I was smoking it with my hand on the back of my chair - the way you
are yourself this minute, God bless you - and I looking on the dead
man, when he opened his eyes as wide as myself and looked at me.
'Don't be afraid, stranger,' said the dead man; 'I'm not dead at all
in the world. Come here and help me up and I'll tell you all about
it.'
Well, I went up and took the sheet off of him, and I saw that he had
a fine clean shirt on his body, and fine flannel drawers.
He sat up then, and says he -
'I've got a bad wife, stranger, and I let on to be dead the way I'd
catch her goings on.'
Then he got two fine sticks he had to keep down his wife, and he put
them at each side of his body, and he laid himself out again as if
he was dead.
In half an hour his wife came back and a young man along with her.
Well, she gave him his tea, and she told him he was tired, and he
would do right to go and lie down in the bedroom.
The young man went in and the woman sat down to watch by the dead
man. A while after she got up and 'Stranger,' says she, 'I'm going
in to get the candle out of the room; I'm thinking the young man
will be asleep by this time.' She went into the bedroom, but the
divil a bit of her came back.
Then the dead man got up, and he took one stick, and he gave the
other to myself. We went in and saw them lying together with her
head on his arm.
The dead man hit him a blow with the stick so that the blood out of
him leapt up and hit the gallery.
That is my story.
In stories of this kind he always speaks in the first person, with
minute details to show that he was actually present at the scenes
that are described.
At the beginning of this story he gave me a long account of what had
made him be on his way to Dublin on that occasion, and told me about
all the rich people he was going to see in the finest streets of the
city.
A week of sweeping fogs has passed over and given me a strange sense
of exile and desolation. I walk round the island nearly every day,
yet I can see nothing anywhere but a mass of wet rock, a strip of
surf, and then a tumult of waves.
The slaty limestone has grown black with the water that is dripping
on it, and wherever I turn there is the same grey obsession twining
and wreathing itself among the narrow fields, and the same wail from
the wind that shrieks and whistles in the loose rubble of the walls.

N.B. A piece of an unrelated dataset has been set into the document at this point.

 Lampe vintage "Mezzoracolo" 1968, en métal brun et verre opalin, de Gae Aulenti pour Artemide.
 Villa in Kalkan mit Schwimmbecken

At first the people do not give much attention to the wilderness
that is round them, but after a few days their voices sink in the
kitchen, and their endless talk of pigs and cattle falls to the
whisper of men who are telling stories in a haunted house.

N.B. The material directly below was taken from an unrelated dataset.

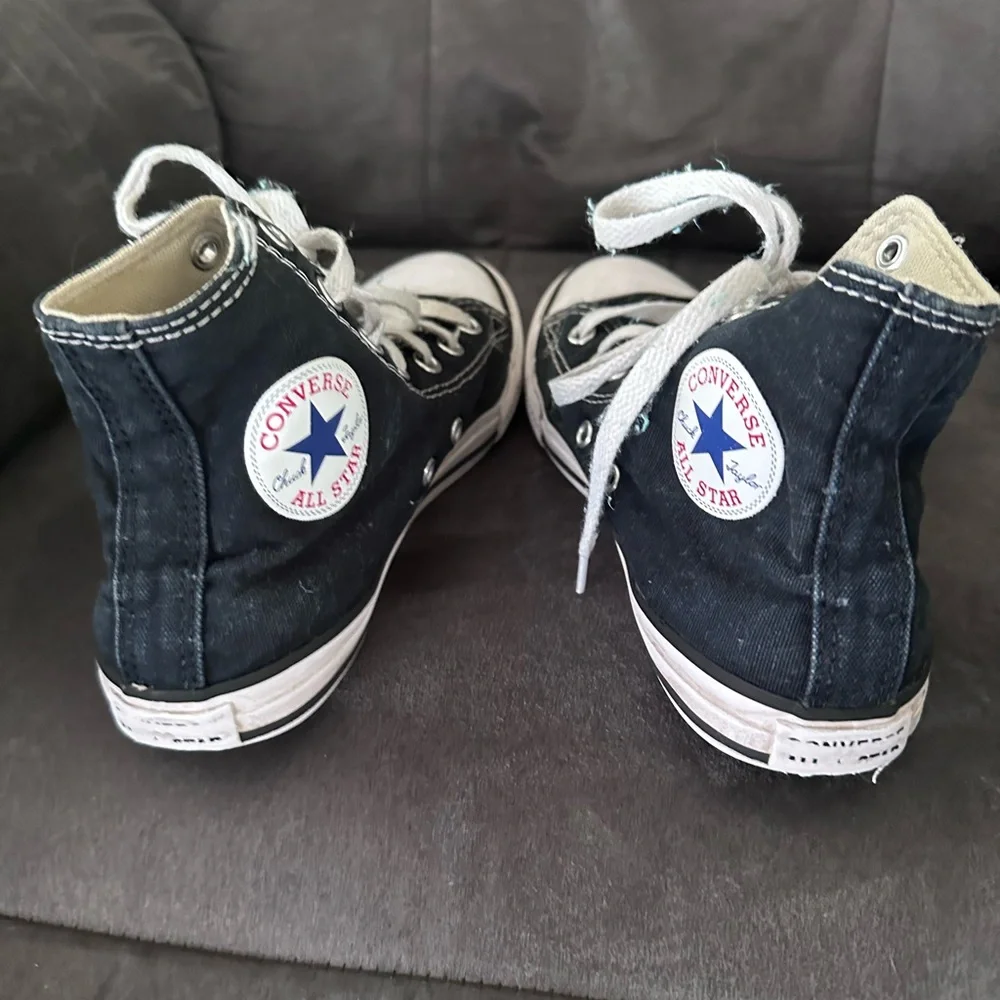 Converse Allstars Chuck Taylor Black Hi Tops kids 2.5 youth - Picture 3 of 5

The rain continues; but this evening a number of young men were in
the kitchen mending nets, and the bottle of poteen was drawn from
its hiding-place.
One cannot think of these people drinking wine on the summit of this
crumbling precipice, but their grey poteen, which brings a shock of
joy to the blood, seems predestined to keep sanity in men who live
forgotten in these worlds of mist.
I sat in the kitchen part of the evening to feel the gaiety that was
rising, and when I came into my own room after dark, one of the sons
came in every time the bottle made its round, to pour me out my
share.
It has cleared, and the sun is shining with a luminous warmth that
makes the whole island glisten with the splendor of a gem, and fills
the sea and sky with a radiance of blue light.

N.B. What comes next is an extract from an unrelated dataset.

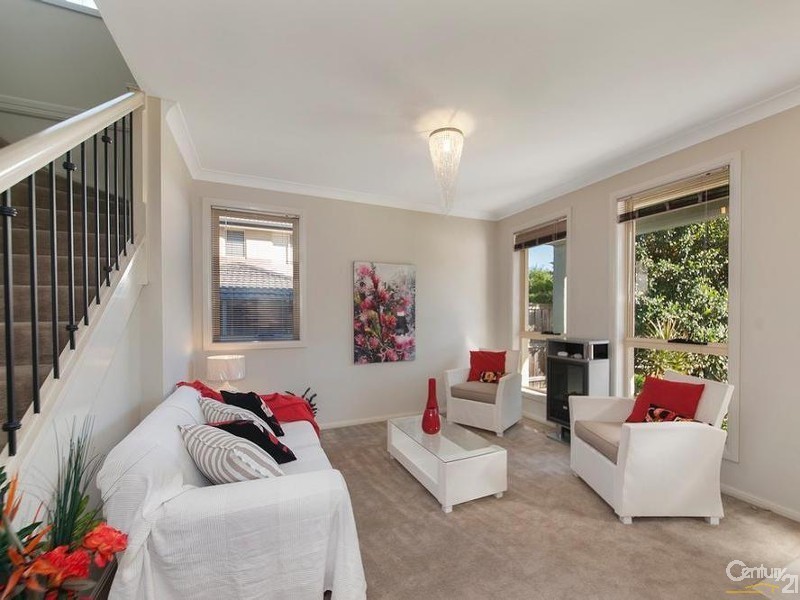 42 Roth Street, Casula NSW 2170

I have come out to lie on the rocks where I have the black edge of
the north island in front of me, Galway Bay, too blue almost to look
at, on my right, the Atlantic on my left, a perpendicular cliff
under my ankles, and over me innumerable gulls that chase each other
in a white cirrus of wings.
A nest of hooded crows is somewhere near me, and one of the old
birds is trying to drive me away by letting itself fall like a stone
every few moments, from about forty yards above me to within reach
of my hand.
Gannets are passing up and down above the sound, swooping at times
after a mackerel, and further off I can see the whole fleet of
hookers coming out from Kilronan for a night's fishing in the deep
water to the west.
As I lie here hour after hour, I seem to enter into the wild
pastimes of the cliff, and to become a companion of the cormorants
and crows.
Many of the birds display themselves before me with the vanity of
barbarians, performing in strange evolutions as long as I am in
sight, and returning to their ledge of rock when I am gone. Some are
wonderfully expert, and cut graceful figures for an inconceivable
time without a flap of their wings, growing so absorbed in their own
dexterity that they often collide with one another in their flight,
an incident always followed by a wild outburst of abuse.